Пока молодой агент пытался понять, чего он опять недосмотрел, Мачеевский уже читал очередной протокол с показаниями советника Повсиновского, начальника отдела цензуры староства. Этого потрясло не столько само убийство, сколько место, в котором обнаружили тело. Государственный служащий, зарезанный в темном переулке рядом с борделем?!..
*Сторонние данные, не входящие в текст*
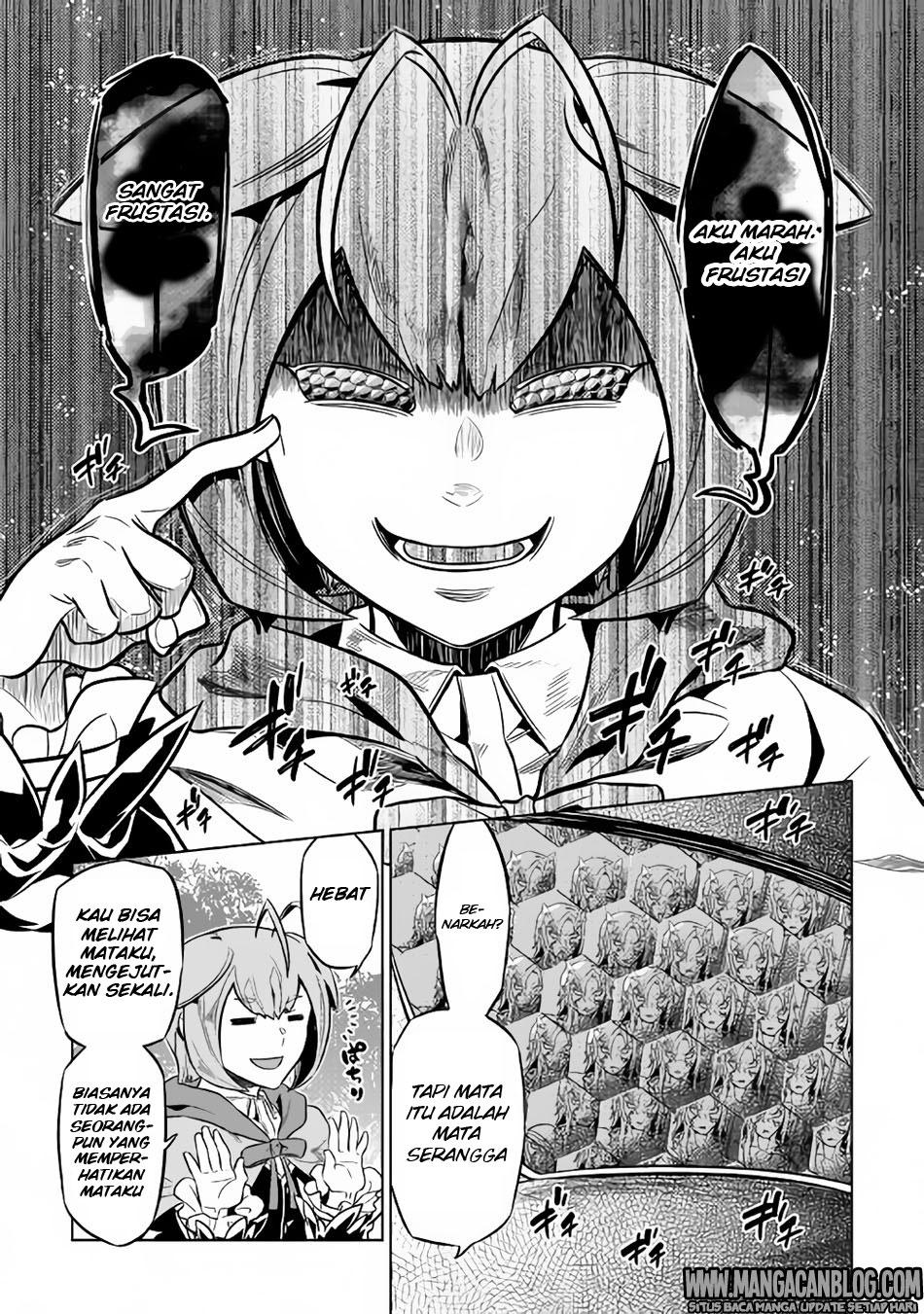 Re: Monster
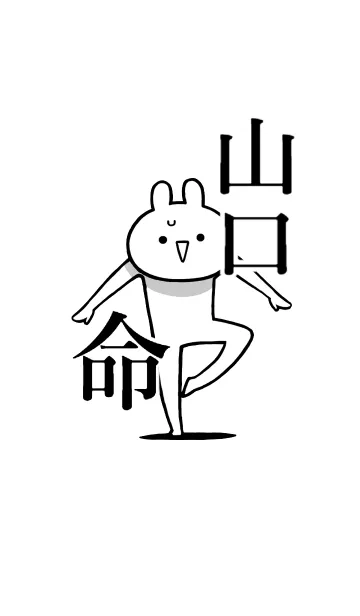 [LINE着せ替え] 【山口】命！好き過ぎる名前着せかえの画像1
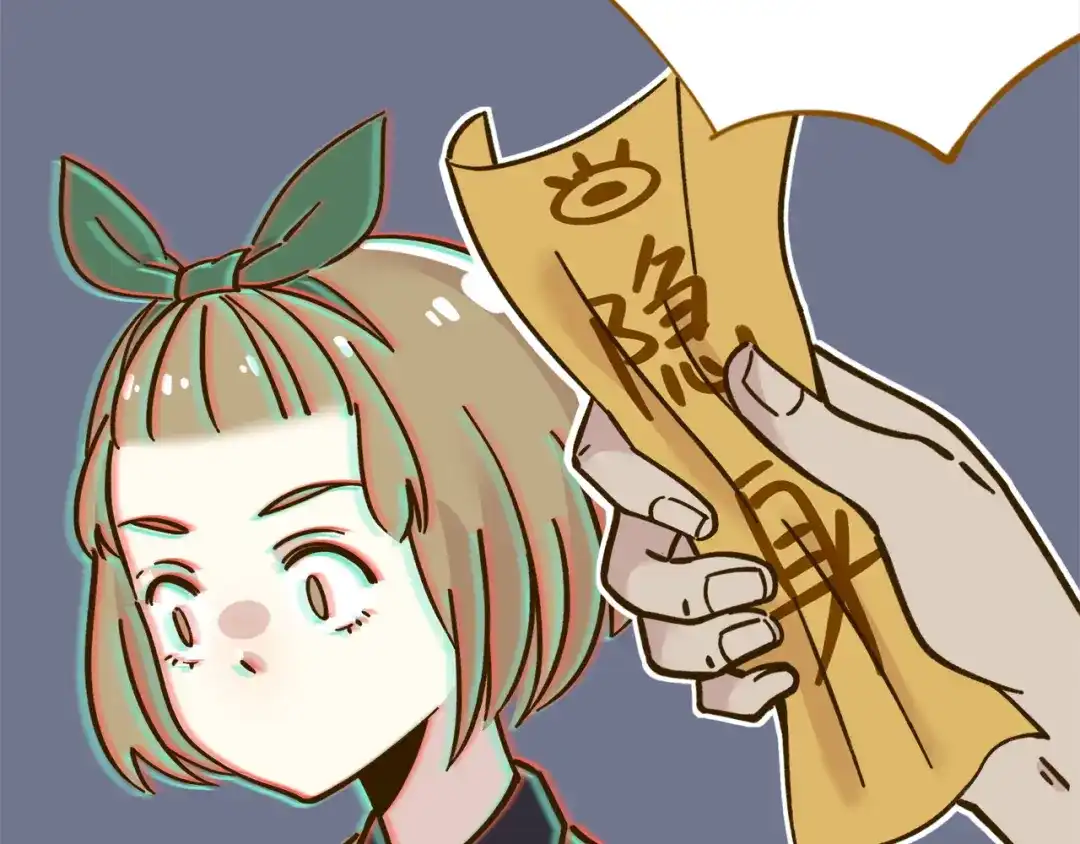 《锦鲤俱乐部》第36话 看我的隐身符！ 第44页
Сия пикантная подробность, разумеется, не могла ускользнуть от «Голоса». Одно Зыга должен был признать за этой газетой: отдел городских новостей работал в ней весьма исправно. Когда он взял со стола еще пахнущий типографской краской номер, сразу бросился в глаза короткий текст на первой полосе:
ТРУП НА ЖМИГРУДЕ
Второе политическое убийство за последние дни?
Вчера, 11-го числа сего месяца, в ранние утренние часы, на задах домов свиданий были обнаружено тело мужчины. Метко раненный ножом он, вероятно, скончался вскоре после нападения и грабежа. Убитым оказался служащий цензуры люблинского староства, Павел Ежик. Следователь, ведущий дело, не исключает мотива бандитизма. Однако столь же вероятным кажется, что это могло быть политическое убийство, совершенное законспирированной бандой жидо-коммунистов. Мы спрашиваем от имени жителей Люблина: сколько еще потребуется омерзительных преступлений, чтобы власти положили этому конец? (гй)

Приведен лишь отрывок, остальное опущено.